• **Assignment**
Lines below starting with the line with "Portrait of Lynda Kuhn" and going on through the line with "Glückliche-Att" must be output exactly; the rest of the records must be left out.

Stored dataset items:
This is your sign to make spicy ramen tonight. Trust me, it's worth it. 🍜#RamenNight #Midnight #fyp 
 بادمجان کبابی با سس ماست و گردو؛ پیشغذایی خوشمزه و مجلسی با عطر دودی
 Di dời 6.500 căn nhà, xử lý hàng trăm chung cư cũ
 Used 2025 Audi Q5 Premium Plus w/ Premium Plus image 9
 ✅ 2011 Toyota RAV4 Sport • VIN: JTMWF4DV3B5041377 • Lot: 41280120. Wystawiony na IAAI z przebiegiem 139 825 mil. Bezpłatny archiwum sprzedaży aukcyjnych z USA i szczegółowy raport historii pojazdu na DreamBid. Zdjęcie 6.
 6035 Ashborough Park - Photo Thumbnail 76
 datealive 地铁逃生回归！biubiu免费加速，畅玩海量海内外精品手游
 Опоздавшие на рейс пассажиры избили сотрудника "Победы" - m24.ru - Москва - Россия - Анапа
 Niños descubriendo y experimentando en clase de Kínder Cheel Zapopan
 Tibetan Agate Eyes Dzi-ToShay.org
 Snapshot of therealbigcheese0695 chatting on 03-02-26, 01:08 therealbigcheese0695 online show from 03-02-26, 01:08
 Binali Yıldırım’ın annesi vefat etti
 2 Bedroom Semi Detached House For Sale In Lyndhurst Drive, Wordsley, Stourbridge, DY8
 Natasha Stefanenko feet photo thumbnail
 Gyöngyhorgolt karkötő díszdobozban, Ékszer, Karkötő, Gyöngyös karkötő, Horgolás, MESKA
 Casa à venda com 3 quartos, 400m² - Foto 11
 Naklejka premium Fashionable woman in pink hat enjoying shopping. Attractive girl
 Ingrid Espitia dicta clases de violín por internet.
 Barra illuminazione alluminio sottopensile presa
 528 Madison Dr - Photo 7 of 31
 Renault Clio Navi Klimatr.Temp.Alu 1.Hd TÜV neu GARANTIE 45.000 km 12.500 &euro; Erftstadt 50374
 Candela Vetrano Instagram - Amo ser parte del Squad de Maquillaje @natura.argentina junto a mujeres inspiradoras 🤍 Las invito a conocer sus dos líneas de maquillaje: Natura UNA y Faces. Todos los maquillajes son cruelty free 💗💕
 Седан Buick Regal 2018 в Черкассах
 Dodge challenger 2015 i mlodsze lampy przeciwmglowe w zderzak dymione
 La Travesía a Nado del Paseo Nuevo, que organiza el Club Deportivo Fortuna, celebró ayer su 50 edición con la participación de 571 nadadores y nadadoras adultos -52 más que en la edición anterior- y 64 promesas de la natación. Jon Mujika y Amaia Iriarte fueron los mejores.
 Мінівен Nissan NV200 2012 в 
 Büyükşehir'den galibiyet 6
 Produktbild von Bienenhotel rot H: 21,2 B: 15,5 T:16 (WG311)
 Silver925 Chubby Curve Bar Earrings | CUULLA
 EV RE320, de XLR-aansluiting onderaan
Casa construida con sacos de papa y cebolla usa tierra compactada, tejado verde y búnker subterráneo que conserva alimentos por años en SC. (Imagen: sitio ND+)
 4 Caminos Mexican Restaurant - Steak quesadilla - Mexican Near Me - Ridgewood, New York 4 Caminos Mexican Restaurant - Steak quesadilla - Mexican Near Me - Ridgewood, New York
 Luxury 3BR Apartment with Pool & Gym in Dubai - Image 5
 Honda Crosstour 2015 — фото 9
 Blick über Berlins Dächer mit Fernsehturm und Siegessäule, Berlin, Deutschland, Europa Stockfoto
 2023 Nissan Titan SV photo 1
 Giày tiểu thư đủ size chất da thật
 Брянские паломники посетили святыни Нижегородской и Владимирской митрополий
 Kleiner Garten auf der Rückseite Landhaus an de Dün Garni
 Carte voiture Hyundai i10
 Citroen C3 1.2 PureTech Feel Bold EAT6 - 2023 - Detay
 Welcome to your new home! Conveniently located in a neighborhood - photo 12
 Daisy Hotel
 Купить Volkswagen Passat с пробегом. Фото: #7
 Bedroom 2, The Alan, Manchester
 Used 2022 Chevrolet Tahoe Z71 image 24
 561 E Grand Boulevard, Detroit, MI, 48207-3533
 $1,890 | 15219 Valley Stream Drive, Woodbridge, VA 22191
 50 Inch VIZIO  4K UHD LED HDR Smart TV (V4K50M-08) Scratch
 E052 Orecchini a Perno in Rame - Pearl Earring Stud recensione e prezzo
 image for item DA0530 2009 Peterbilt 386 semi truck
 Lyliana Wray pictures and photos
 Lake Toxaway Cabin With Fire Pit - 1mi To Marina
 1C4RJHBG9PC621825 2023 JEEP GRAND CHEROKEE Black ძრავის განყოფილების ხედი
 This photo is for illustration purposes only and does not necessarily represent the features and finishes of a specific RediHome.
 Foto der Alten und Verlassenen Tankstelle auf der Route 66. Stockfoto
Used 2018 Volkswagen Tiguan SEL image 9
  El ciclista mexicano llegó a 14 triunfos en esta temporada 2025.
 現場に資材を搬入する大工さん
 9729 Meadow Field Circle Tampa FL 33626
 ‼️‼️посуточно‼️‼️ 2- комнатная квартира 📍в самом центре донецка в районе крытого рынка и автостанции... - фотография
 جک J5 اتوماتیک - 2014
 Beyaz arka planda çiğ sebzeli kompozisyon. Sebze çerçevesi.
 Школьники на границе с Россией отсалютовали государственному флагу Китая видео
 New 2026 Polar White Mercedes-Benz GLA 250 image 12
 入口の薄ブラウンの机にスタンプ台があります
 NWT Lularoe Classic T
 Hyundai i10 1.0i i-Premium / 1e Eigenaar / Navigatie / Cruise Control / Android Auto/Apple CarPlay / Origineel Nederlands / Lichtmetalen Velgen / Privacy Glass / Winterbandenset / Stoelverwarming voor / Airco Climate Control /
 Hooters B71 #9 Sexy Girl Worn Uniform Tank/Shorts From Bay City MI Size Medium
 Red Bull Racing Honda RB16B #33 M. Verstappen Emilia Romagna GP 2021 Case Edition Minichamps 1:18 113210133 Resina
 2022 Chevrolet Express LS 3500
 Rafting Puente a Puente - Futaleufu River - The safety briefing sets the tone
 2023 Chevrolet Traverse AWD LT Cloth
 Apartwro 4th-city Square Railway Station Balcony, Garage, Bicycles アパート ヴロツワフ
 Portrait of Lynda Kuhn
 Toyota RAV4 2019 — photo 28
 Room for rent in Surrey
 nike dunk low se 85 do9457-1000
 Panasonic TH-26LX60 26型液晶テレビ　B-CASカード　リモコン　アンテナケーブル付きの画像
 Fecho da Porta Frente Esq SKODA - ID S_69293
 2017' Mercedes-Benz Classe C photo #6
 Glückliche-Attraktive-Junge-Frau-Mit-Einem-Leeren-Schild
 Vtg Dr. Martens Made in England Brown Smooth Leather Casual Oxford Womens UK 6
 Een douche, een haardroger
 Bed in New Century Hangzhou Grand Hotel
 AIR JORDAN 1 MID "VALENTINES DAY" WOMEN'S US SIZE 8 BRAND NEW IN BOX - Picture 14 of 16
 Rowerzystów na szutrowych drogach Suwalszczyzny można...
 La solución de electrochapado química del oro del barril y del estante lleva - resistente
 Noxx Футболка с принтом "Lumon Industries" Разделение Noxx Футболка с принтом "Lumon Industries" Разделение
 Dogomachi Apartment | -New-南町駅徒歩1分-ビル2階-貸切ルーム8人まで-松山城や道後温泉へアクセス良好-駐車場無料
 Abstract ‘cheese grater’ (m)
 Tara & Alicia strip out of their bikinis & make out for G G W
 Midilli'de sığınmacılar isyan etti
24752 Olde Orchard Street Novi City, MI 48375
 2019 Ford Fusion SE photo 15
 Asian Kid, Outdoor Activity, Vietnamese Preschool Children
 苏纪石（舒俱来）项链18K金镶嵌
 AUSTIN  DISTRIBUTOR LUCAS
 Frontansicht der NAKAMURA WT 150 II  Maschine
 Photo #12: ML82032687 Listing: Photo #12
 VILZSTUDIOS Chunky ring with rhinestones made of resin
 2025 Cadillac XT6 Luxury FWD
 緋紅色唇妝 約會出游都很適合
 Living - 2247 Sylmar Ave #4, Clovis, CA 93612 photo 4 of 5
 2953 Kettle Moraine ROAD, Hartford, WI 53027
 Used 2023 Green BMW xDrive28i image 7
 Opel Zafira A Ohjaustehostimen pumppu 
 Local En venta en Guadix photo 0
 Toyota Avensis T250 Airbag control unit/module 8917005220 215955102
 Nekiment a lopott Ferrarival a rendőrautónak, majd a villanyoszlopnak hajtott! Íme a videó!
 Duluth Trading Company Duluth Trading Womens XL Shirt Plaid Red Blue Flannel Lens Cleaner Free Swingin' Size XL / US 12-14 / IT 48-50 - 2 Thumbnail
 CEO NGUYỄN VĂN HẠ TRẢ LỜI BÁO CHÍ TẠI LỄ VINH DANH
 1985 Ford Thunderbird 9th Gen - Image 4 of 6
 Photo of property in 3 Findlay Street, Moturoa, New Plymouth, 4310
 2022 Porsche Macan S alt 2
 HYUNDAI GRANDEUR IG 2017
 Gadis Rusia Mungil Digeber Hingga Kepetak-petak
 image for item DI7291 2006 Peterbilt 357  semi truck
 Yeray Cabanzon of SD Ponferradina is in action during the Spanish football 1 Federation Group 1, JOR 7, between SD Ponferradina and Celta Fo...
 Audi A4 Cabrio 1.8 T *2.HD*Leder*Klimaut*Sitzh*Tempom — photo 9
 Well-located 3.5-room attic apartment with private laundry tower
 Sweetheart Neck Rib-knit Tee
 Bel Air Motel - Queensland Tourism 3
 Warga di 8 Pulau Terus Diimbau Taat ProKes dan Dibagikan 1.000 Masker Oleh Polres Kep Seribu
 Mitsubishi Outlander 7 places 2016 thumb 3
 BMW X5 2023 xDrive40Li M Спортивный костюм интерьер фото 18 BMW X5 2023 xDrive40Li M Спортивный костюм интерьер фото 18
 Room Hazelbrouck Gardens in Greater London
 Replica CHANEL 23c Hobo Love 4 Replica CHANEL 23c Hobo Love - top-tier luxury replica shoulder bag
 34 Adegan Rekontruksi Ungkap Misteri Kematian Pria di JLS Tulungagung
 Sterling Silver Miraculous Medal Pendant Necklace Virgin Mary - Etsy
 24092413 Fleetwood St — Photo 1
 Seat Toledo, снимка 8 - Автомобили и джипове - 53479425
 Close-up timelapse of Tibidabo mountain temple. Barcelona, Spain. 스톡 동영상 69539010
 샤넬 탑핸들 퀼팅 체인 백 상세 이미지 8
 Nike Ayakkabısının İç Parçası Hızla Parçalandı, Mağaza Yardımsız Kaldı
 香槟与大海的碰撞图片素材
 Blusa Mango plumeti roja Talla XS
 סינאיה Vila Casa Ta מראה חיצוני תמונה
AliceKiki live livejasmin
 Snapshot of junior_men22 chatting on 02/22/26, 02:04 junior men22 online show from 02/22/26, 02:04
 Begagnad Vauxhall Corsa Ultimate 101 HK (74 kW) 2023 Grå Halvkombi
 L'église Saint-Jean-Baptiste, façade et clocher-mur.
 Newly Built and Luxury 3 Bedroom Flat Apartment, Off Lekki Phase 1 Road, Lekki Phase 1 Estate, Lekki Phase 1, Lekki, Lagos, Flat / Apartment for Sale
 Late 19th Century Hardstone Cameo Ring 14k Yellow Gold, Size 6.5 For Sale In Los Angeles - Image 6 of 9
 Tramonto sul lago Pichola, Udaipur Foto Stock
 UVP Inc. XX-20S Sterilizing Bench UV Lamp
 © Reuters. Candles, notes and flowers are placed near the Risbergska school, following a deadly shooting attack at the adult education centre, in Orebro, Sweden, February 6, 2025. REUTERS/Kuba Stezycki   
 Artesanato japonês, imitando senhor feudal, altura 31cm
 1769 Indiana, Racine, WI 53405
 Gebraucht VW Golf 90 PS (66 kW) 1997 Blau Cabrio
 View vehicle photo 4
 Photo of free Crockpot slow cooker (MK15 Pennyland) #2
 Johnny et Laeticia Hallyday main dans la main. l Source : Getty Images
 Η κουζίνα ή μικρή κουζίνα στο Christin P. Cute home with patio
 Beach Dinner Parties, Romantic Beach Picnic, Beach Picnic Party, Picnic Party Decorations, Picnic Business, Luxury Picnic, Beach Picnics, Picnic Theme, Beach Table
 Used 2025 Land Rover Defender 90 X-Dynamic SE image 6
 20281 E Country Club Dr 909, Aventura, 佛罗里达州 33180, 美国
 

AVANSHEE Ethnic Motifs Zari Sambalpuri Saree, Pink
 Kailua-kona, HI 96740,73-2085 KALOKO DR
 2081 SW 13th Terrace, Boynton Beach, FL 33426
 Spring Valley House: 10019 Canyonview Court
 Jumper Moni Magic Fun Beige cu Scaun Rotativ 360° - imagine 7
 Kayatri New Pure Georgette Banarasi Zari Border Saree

• **Result for this task**
 Portrait of Lynda Kuhn
 Toyota RAV4 2019 — photo 28
 Room for rent in Surrey
 nike dunk low se 85 do9457-1000
 Panasonic TH-26LX60 26型液晶テレビ　B-CASカード　リモコン　アンテナケーブル付きの画像
 Fecho da Porta Frente Esq SKODA - ID S_69293
 2017' Mercedes-Benz Classe C photo #6
 Glückliche-Attraktive-Junge-Frau-Mit-Einem-Leeren-Schild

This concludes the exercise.